DEAR ABBY: I baby-sit during the day for a family with three children – a 9-year-old girl who’s in school the majority of the time, a 4-year-old boy who plays well on his own, and a 5-month-old baby girl who requires a lot of attention.

I think of myself as good at my job. I do not tolerate talking back, whining, kicking, hitting or screaming, or time-outs will occur without hesitation. Needless to say, the kids are well-behaved with me.

When the parents come home, however, that’s another story. As I am leaving, I see the children start acting badly and even kick and hit their parents! My concern is that their parents are not doing anything about this behavior. It pains me because these poor children are allowed to act out.

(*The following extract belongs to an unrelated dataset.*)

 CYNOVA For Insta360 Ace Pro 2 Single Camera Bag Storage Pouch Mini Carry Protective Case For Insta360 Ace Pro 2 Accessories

They are great kids, but need a little discipline after I leave the house at the end of the day. I am extremely shy, and it would be hard to confront the parents to show more discipline. Can you help me? – CATHY IN CLEVELAND

DEAR CATHY:
It would not be “confronting” the parents to have a private chat with them and explain that their children don’t kick and hit you, nor do they talk back or scream – and the reason is the penalty will be an immediate time-out. Those parents could use the lesson, and you would be helping the family to speak up. Your shyness will lessen when you concentrate on the importance of your message instead of yourself.

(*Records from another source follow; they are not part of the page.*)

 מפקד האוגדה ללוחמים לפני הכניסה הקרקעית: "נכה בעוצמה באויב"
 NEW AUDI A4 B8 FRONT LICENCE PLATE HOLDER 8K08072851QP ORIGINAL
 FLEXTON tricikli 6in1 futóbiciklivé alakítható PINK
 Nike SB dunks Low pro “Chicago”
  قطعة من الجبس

DEAR ABBY: There was an accident right behind my house. Many of my friends saw it unfold in front of them. Nobody was killed or seriously injured in the accident. All my friends did the following day was act like it had been a horribly traumatizing experience.

Yet when I was 11 years old, I watched a family friend die only a few feet away from me. I told my friends that my experience was obviously more traumatizing. I explained it like this: They watched four people they didn’t know get into an accident because the driver was high on marijuana. I saw someone actually die.

They insist it’s all the same thing. I say they’re blowing it out of proportion, and they’re calling me insensitive. Are they right? – KYLE IN CONNECTICUT

DEAR KYLE:
Perhaps. One man’s trauma can be business as usual to someone else. Assuming your friends had never witnessed an accident, their experience probably was upsetting. What you witnessed was undeniably traumatic.

However, it is not necessary to be right all the time. Rather than alienate your friends because you need to be right, let them heal from their “trauma” and drop the subject.

DEAR ABBY: Can you answer a question about cell phone etiquette? If I’m in a store, and someone near me is having what I would consider a personal conversation, should I leave that aisle, or should the other person move to a location where he or she cannot be overheard to have that conversation? – JOHNNY IN GASSVILLE, ARK.

DEAR JOHNNY: It is amazing how many people using cell phones in public have selective amnesia and forget that they can be overheard. You should not have to move away to avoid hearing what is being discussed. Common sense dictates that it is the responsibility of anyone using a cell phone to safeguard the information being shared.